Work order:
Among the entries below, find the line with "贵州大学许厚强教授一行来思南调研肉牛产业", then quote it and each following line up to and including the line with "Primordial presents forms", and nothing else.
═══ Supplied information ═══
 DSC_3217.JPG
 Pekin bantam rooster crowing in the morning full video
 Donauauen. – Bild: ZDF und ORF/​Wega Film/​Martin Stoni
═══
═══ Supplied information ═══
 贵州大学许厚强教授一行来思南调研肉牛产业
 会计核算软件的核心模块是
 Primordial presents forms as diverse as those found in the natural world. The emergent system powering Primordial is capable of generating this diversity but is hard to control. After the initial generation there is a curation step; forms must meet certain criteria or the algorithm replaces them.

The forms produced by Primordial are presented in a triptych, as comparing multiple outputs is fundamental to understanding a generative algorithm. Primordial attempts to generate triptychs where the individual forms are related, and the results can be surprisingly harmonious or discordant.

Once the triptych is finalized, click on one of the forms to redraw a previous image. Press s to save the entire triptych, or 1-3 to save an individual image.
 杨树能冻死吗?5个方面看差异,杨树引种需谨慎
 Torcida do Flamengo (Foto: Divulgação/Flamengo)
═══
Answer area:
 贵州大学许厚强教授一行来思南调研肉牛产业
 会计核算软件的核心模块是
 Primordial presents forms as diverse as those found in the natural world. The emergent system powering Primordial is capable of generating this diversity but is hard to control. After the initial generation there is a curation step; forms must meet certain criteria or the algorithm replaces them.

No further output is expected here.